The Green Lane Works are a disused industrial facility situated in the City of Sheffield, England. The entrance gate to the works is particularly ornate and has been designated as a Grade II* listed building. Nikolaus Pevsner called the gate “the most spectacular survival of factory architecture in the city”. The works are situated in the suburb of Neepsend within the Kelham Island Quarter of the city and date from 1795 although there were extensive alterations in 1860.
The original Green Lane Works were established in 1795 by the firm of Hoole and Company who were manufacturers of ornamental stove grates and fenders in Bronze and metal. The firm flourished and their products won a first Council medal at The Great Exhibition of 1851 and a Medaille d'honneur at the Exposition Universelle of 1855. This success brought considerable prestige to the firm and its proprietor at the time Henry E. Hoole. In 1859 Hoole was elected Lord Mayor of Sheffield and to celebrate this he had major alterations carried out to the works.
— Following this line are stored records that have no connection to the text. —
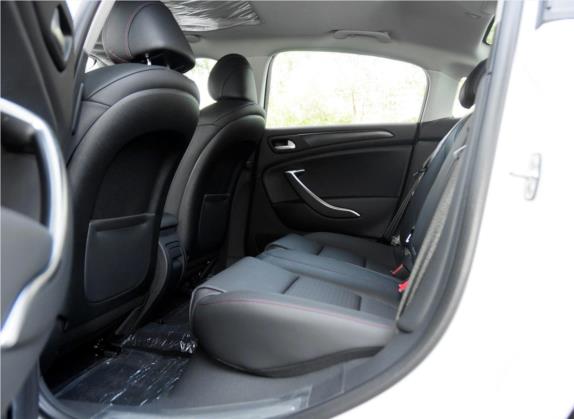 雪铁龙C5 2014款 1.6T 自动尊享型 车厢座椅   后排空间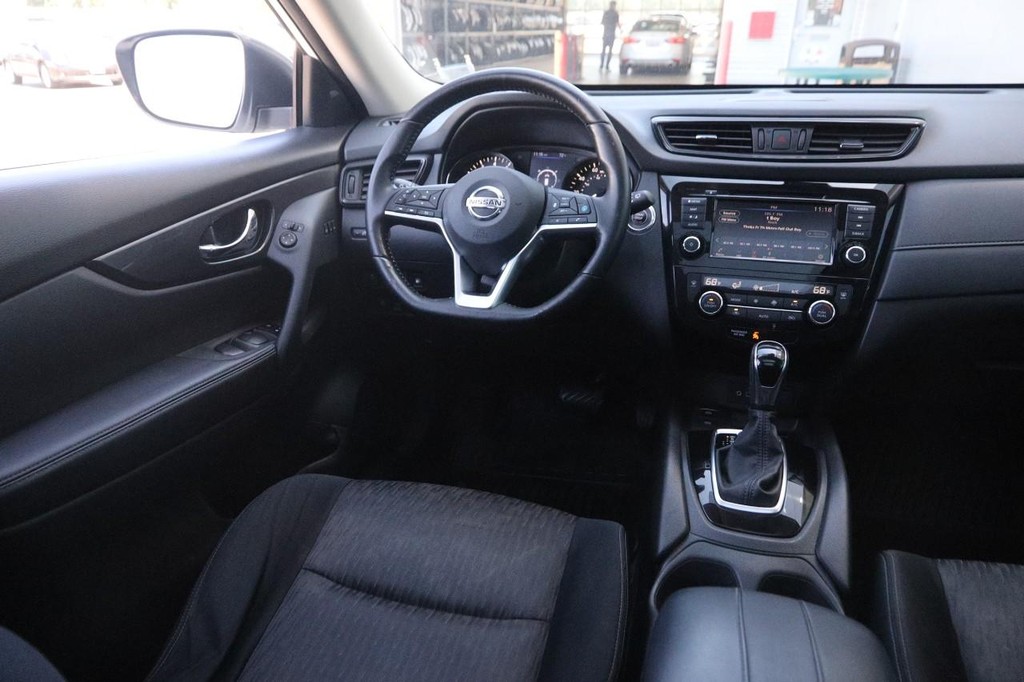 Nissan Rogue Vehicle Full-screen Gallery Image 22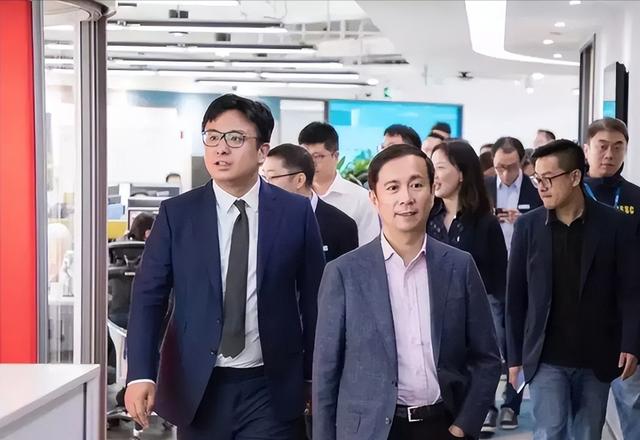85后小伙，饿了么创始人，张旭豪套现700亿后现在怎么样了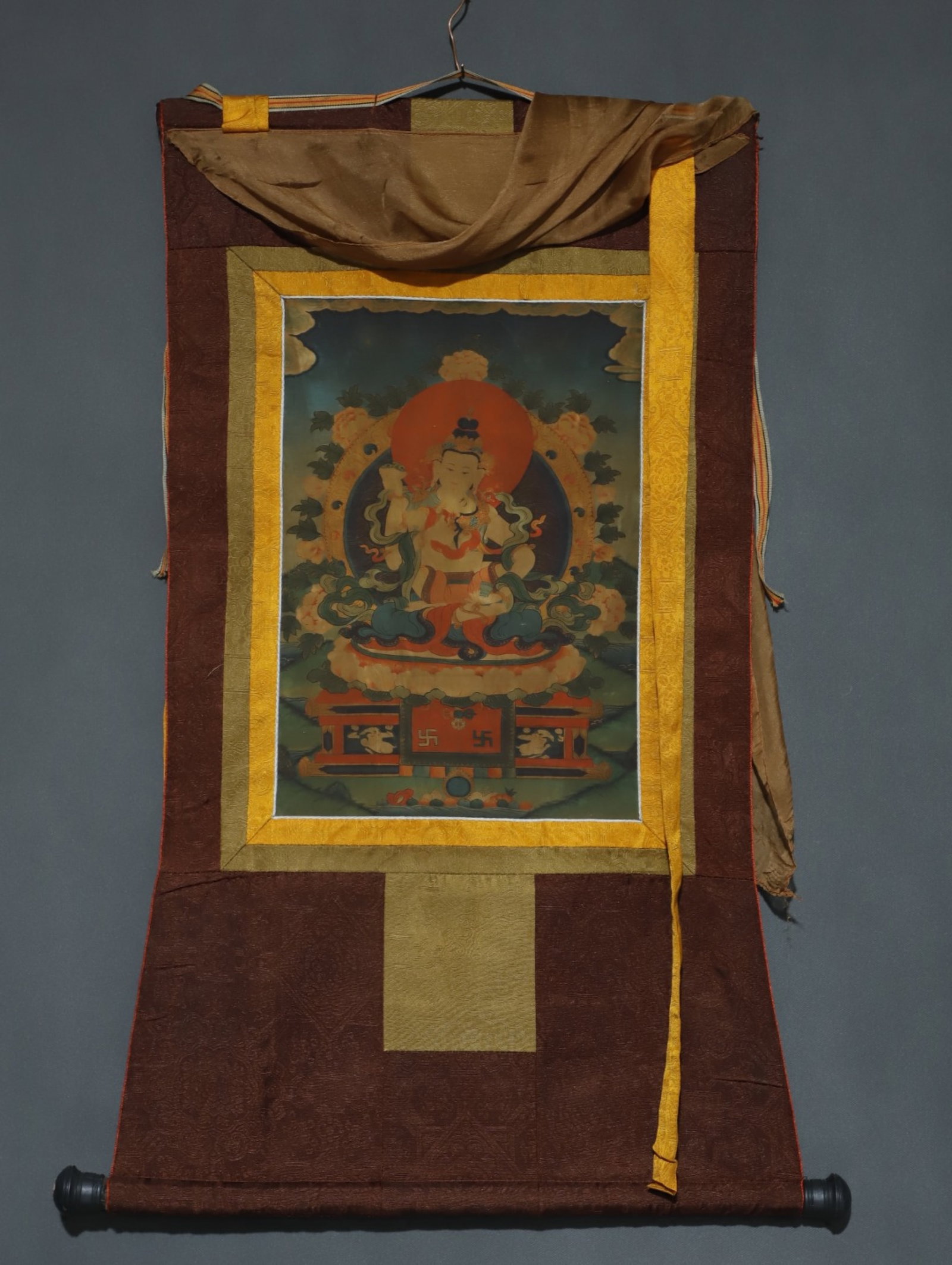 A Rare Brocade Painted Color Buddha Statue Tangka (1 of 9)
The most important part of the 1860 rebuilding was the construction of the decorative entrance arch on Green Lane. It is thought that the sculptor Alfred Stevens designed the gatehouse and may have been responsible for the relief sculptured decoration. Stevens had worked for Hoole and Company between 1850 and 1852 as chief designer on a salary of £20 per annum and had designed much of the firms award winning work for the 1851 exhibition. When he returned to London after two years with Hooles he left behind him many drawings and designs for apprentices to study.
The Gateway is constructed of ashlar, stucco and brick and takes the form of a tripartite triumphal arch with a carving of a female head on the keystone above the main (central) arch. The two outer (pedestrian) arches have relief panels of the Greek gods Hephaestus (left) and Athena (right) above them. The name of the works is carved above the central arch and above this is an apex roof which at one time had a coat of arms on it which is now missing. The gateway is topped off by a cupola with clock and weather vane.
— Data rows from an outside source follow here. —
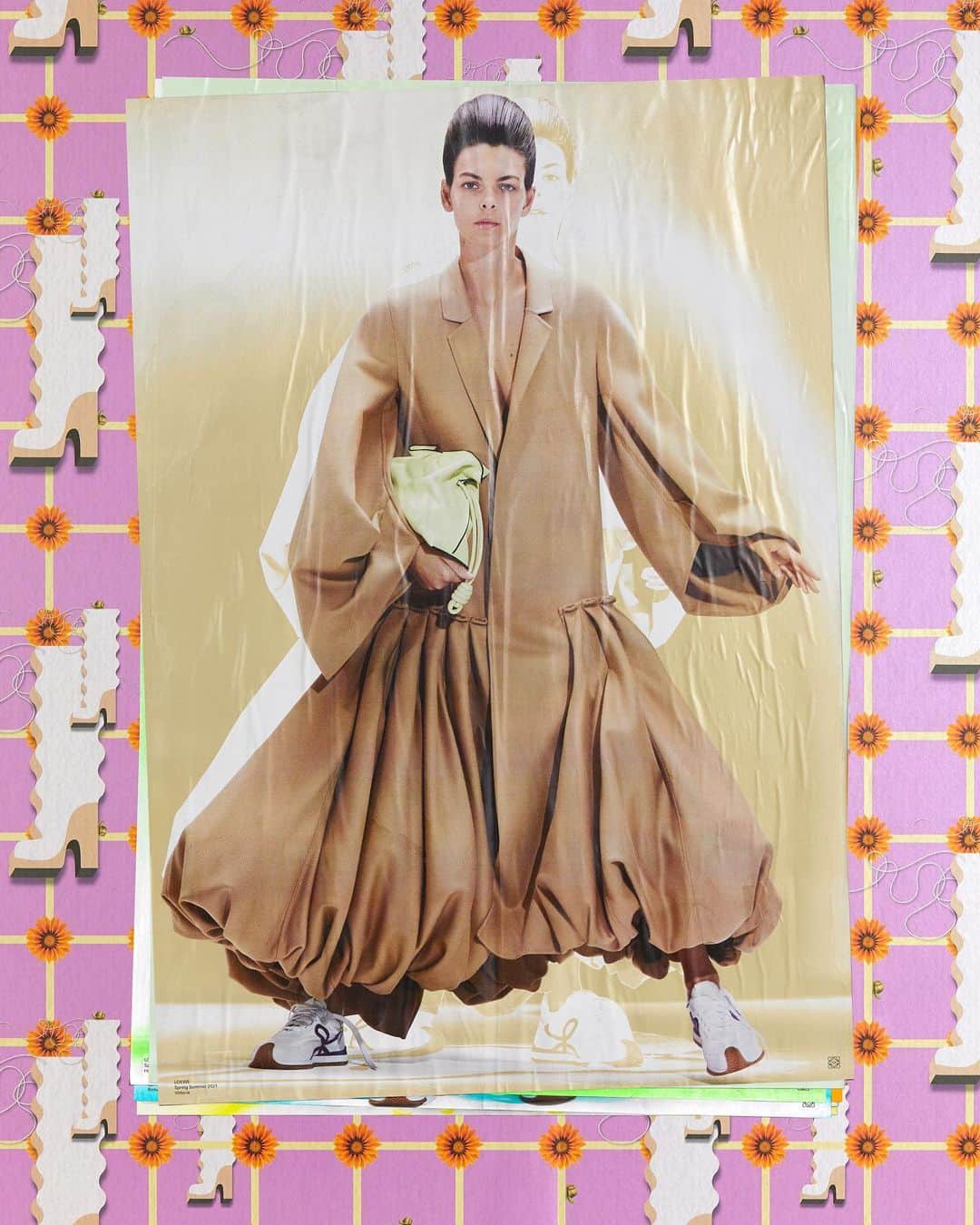 Harper's BAZAARさんのインスタグラム写真 - (Harper's BAZAARInstagram)「#Loewe’s @jonathan.anderson makes showing remotely look like a creative endeavor with some true energy behind it. His resort 2021 collection came as a show-in-a-box containing paper dolls, and he evolved that concept for spring 2021 with what he termed a “Show-on-the-Wall.” It is, effectively, a poster presentation, made in collaboration with @mmparisdotcom and artist #AntheaHamilton. An artist’s portfolio featuring giant fold-out posters of the looks were sent to editors, buyers, and friends of the brand. The special delivery also included a roll of wallpaper designed by the artist, The clothes themselves speak volumes, with an emphasis on the theatrical and sculptural. There are balloon sleeves, crinoline skirts, and other bold shapes that send the message that even is this a moment where we’re hiding out, we can still be as big and as bold as we want to be. See all of our favorite looks and catch up on the best of #ParisFashionWeek so far at the link in our bio.⁣ ⁣ Photos: @thuethuethuethuethuethue」10月3日 22時04分 - harpersbazaarus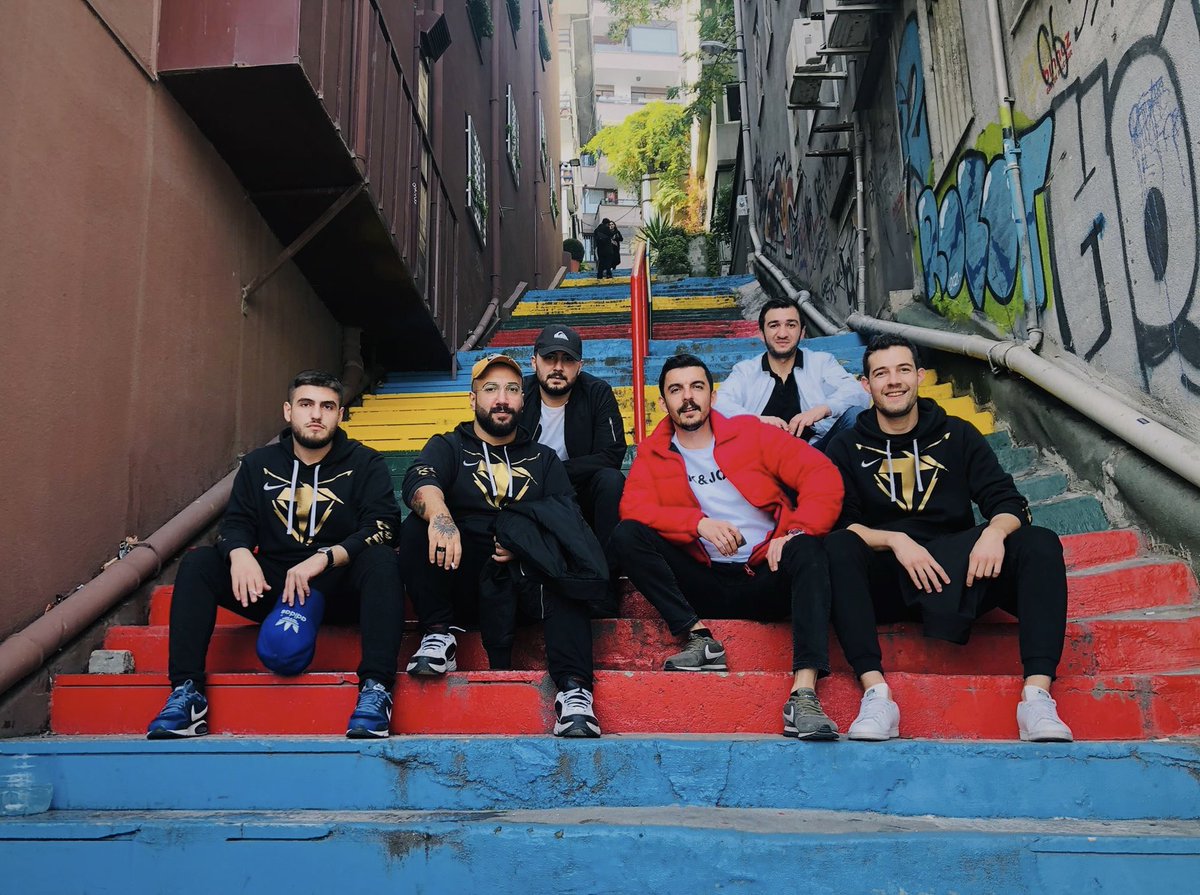 #STORMISCOMING⚡️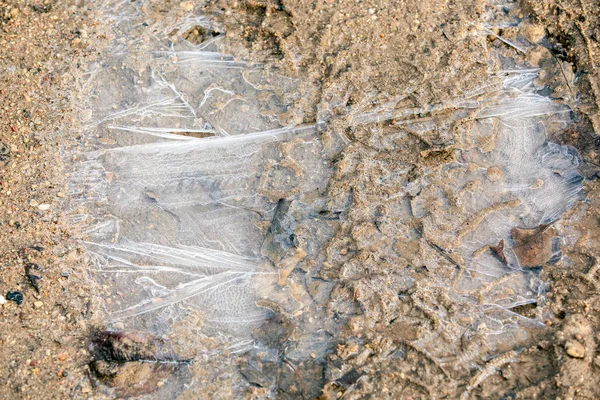 水たまりに冷凍・ アイス。砂利道 — ストック写真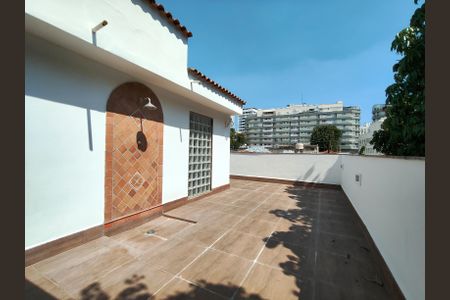 Casa à venda com 180m², 3 quartos e 1 vagaTerraço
The works were considerably damaged in the Great Sheffield Flood of March 1864 with Samuel Harrison in his "A Complete History of the Great Sheffield Flood" saying:
The Green Lane Works, the property of Messrs. H. E. Hoole and Co., were damaged considerably. A large room, filled with stoves, fenders, and so forth, was flooded to a depth of four feet. Trunks of trees were washed into the grinding wheel, the engine and boiler were covered with debris, and a great quantity of miscellaneous property was destroyed.
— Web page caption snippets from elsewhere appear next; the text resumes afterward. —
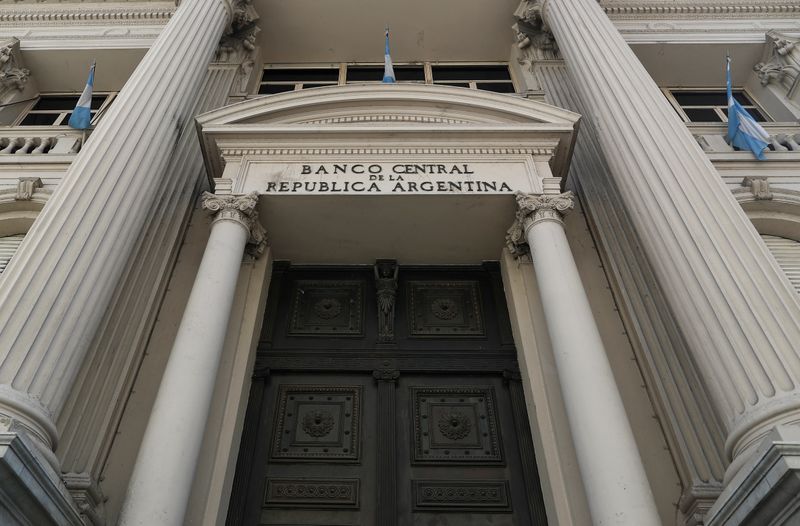 &copy; Reuters. Fachada del edificio del Banco Central de la República Argentina, en Buenos Aires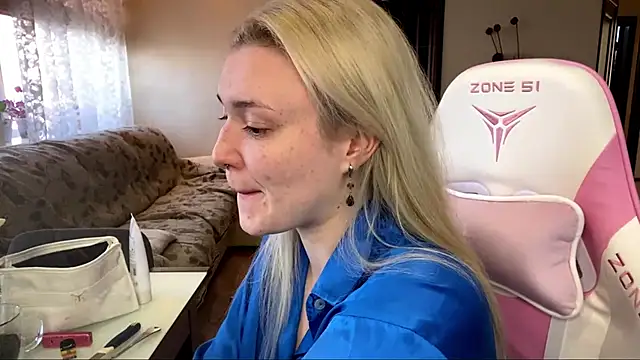 Just Ash online show from March 8, 7:12 am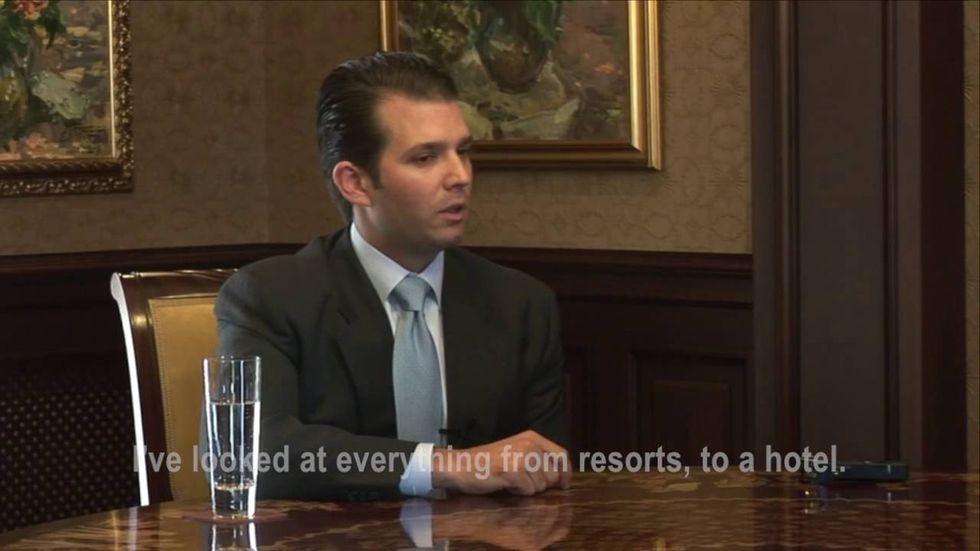 Video: Don Jr-hes made "many biz trips to Russia" RT this traitor!!! #DworkinReport #CNNSOTU #AMJoy #thisweek #msnbc https://t.co/sOQcpo40Rt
The works continued to make stove grates and fenders until 1930, up until 1948 it produced files as part of the Ibbotson Brothers group. In April 1948 the works were purchased by W.A. Tyzack who produced agricultural tools and parts for farm machinery.
In late 2009, the works was disused with its future unknown. The gateway was partly boarded up to protect it from vandalism. In 2013, the works was added to the Heritage at Risk Register. In 2015, it was removed from the register following repairs. As of 2018, it has been converted in four commercial spaces as part of the Little Kelham development. The spaces range from 1,349 square feet (125 m2) to 1,649 square feet (153 m2) and were for sale, leasehold, at prices from £249,514 to £305,073.